- Many of us find that our smaller bags outperform our bigger ones in terms of percentage gain during a bull market
- Sometimes our biggest winners can be coins we forgot about
- It’s not just chance that our smallest bags turn into our biggest winners – there’s psychology behind it
We’ve all seen the tweets from crypto investors who have opened up an old wallet or exchange account and found a shitcoin they had clean forgotten about has gone 100x in the intervening months or years. You may even be one of the lucky ones yourself. Such experiences are examples of a phenomenon known to traders of all types, but one that is especially prescient in crypto – the smallest bags are often the biggest gainers. This may not be in monetary value, but it’s almost certain that those small bags you pick up will return you a much higher percentage gain than your bigger bags over the course of a bull run. The reason why this is the case is to do with the psychology behind our position sizes, and there is a lesson in there that every twitchy-fingered crypto trader could do with learning.

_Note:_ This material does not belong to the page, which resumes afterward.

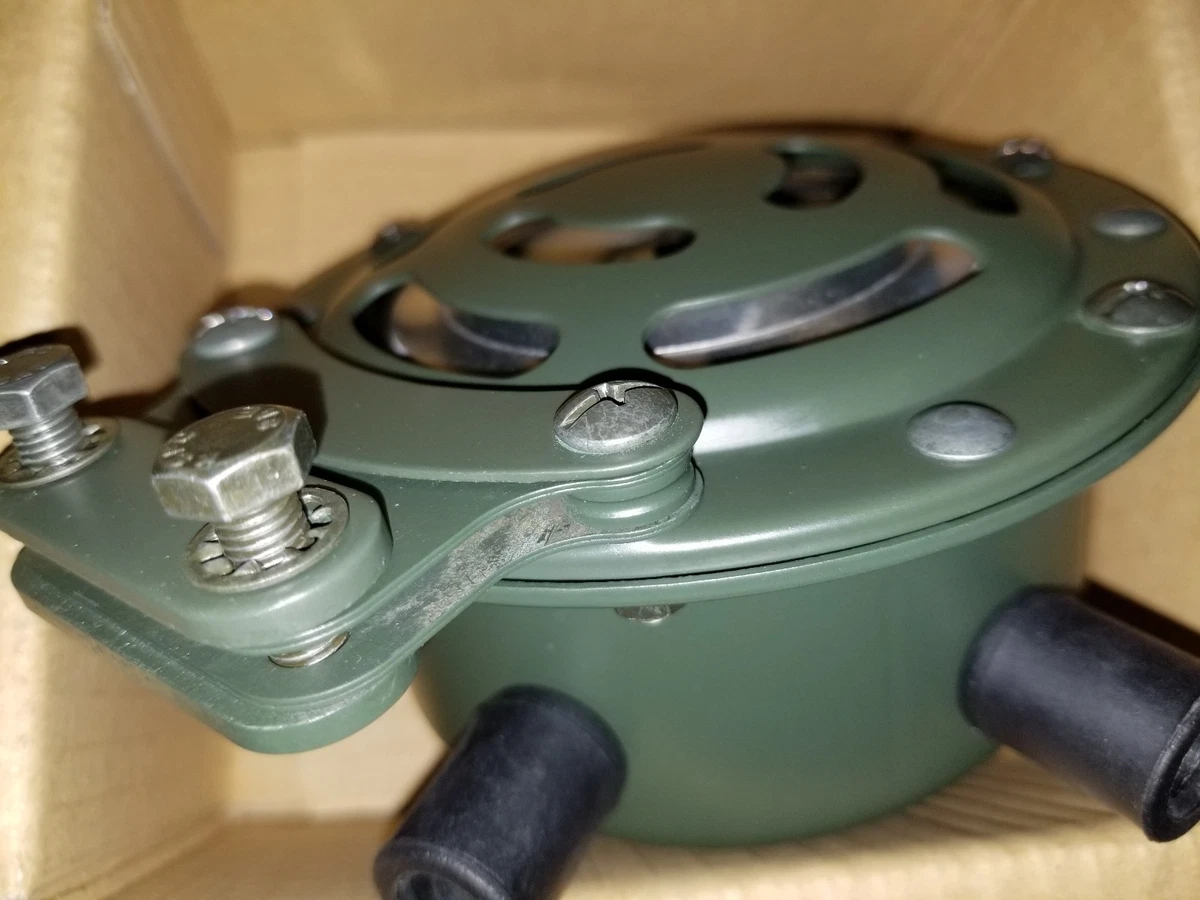 HMMWV Humvee M998 ELECTRIC HORN Heavy Duty 12338613 Green | eBay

Buy and Forget vs Buy and Babysit
Imagine you had $100,000 and you bought two coins, one for a $100 investment and one for a $99,900 investment. Which of the two trades are you going to pay most attention to? Exactly, the one that makes up 99.9% of your portfolio. You will very likely be checking on it every five minutes, worrying about the tiniest red candle and maybe even selling the whole lot of it drops 5%, only to watch it rebound and go higher five minutes later
On the flip side, while you’re stressing about micromanaging the big investment, the $100 investment will be left relatively untouched. In real life you would probably put that $100 into a micro-cap coin in the hope that it will work wonders months or even years down the line, so it’s not something worth paying attention to on a regular basis. This means that you are less likely to sell it at the first sign of trouble. If it drops 25% so what? It’ll come back up again.
Fear of Loss Leads to Interference
We can clearly see the difference in the two attitudes and where they trip us up. Of course, with the above example there is another issue here, that of position sizing, but the principle remains the same whatever the position size – the bigger the position the more likely we are to stress and worry over it and sell it early before we’ve given it a chance to properly move. Compare this to the smaller bag on which you might only execute two trades across months – a buy and a sell.
The reason of course is understandable – with a bigger position comes bigger risk of loss – but this in itself should be a red flag that you have too much invested; if you’re scared about losing your money either your position size is too big or you’re using money you can’t afford to lose.
Set and Forget Brings the Big Gains
The chances are that leaving a big trade for the same length of time as a small trade throughout a bull market will result in an equally high percentage return over the same amount of time, perhaps even higher than the smaller position. However, the higher the position size gets the more likely we are to cut loose too early, worried that we will lose money, whereas we’re not bothered about losing on the small bag.
The easy way to see whether you are a victim of this phenomenon is to look back at some of your biggest losses and compare the value of that holding now. It’s a painful thing to do, but it teaches you a lesson – hold your positions to the end, no matter what the size. You should always go into a trade with an exit plan in mind, even if that plan is to hold and see what happens, and history shows us that not deviating from that plan, even if it comes with huge drawdowns along the way, is far more beneficial than babysitting trades.
Treating all your bags with the same amount of indifference is the best way to secure serious gains in a bull market, no matter how big your bag.